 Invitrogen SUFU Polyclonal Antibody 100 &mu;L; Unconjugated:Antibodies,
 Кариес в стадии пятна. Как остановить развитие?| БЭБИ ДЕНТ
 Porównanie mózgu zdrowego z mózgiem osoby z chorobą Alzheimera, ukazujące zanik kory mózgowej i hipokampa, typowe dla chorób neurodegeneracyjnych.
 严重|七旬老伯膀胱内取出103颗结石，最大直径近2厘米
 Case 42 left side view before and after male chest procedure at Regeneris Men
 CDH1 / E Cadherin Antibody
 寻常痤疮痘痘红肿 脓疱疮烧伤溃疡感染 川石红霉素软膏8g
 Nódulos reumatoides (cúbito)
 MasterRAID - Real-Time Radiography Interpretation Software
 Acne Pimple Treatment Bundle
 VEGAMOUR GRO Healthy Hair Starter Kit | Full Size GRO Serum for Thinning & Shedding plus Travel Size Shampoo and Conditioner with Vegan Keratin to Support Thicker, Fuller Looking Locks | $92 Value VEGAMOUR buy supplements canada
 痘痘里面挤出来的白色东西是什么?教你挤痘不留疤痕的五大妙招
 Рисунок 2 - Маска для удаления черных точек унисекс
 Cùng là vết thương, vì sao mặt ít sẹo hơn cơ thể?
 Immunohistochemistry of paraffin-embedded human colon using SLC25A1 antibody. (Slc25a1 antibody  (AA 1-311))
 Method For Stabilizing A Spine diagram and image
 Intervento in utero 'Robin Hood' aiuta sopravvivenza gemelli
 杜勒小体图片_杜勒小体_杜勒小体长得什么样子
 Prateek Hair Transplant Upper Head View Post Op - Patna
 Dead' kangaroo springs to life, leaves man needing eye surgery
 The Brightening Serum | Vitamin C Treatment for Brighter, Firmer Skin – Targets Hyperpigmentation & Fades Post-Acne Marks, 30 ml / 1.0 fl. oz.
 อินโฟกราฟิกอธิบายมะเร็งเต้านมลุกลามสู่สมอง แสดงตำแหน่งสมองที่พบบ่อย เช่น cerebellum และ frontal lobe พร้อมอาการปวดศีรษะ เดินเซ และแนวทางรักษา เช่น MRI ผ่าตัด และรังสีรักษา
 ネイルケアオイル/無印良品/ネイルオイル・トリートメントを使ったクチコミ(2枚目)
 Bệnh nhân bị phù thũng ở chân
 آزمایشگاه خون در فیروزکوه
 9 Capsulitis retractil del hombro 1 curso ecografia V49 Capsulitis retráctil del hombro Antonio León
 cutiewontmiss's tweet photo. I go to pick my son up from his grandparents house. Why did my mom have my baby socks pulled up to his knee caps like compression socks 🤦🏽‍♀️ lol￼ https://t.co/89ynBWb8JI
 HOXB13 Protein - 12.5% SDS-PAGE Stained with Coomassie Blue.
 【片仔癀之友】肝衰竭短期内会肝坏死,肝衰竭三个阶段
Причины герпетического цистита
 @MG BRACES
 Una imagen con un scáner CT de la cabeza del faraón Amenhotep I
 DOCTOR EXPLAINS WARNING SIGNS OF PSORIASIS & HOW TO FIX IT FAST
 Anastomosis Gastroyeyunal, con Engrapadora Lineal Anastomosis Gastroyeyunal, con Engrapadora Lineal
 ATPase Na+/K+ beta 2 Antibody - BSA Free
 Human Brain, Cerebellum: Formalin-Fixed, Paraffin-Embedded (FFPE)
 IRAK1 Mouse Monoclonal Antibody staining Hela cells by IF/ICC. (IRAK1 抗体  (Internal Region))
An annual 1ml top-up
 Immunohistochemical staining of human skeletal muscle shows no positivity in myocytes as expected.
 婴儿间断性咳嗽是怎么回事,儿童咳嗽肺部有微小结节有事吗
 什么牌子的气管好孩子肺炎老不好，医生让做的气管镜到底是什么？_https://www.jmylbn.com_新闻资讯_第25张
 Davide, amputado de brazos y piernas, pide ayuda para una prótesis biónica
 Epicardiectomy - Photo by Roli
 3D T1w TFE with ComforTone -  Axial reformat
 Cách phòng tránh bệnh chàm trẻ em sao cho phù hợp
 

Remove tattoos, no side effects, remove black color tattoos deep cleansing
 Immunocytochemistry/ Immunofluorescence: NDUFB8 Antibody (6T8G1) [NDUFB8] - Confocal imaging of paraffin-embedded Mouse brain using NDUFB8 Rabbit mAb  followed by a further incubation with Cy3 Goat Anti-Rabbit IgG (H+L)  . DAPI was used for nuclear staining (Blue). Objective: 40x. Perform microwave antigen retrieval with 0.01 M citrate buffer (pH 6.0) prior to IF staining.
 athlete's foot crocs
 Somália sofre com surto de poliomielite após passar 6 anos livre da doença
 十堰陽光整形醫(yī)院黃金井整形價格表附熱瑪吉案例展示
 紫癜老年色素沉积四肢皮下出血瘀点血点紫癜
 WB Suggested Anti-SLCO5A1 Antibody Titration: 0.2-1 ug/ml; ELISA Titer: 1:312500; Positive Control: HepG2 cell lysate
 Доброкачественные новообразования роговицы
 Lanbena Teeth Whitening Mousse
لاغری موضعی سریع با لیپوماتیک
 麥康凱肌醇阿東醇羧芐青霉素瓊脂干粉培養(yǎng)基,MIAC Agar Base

□ □ □ □ □

From the listing above, copy every line that includes the word "staining".

ANSWER TO THIS TASK
 IRAK1 Mouse Monoclonal Antibody staining Hela cells by IF/ICC. (IRAK1 抗体  (Internal Region))
 Immunohistochemical staining of human skeletal muscle shows no positivity in myocytes as expected.
 Immunocytochemistry/ Immunofluorescence: NDUFB8 Antibody (6T8G1) [NDUFB8] - Confocal imaging of paraffin-embedded Mouse brain using NDUFB8 Rabbit mAb  followed by a further incubation with Cy3 Goat Anti-Rabbit IgG (H+L)  . DAPI was used for nuclear staining (Blue). Objective: 40x. Perform microwave antigen retrieval with 0.01 M citrate buffer (pH 6.0) prior to IF staining.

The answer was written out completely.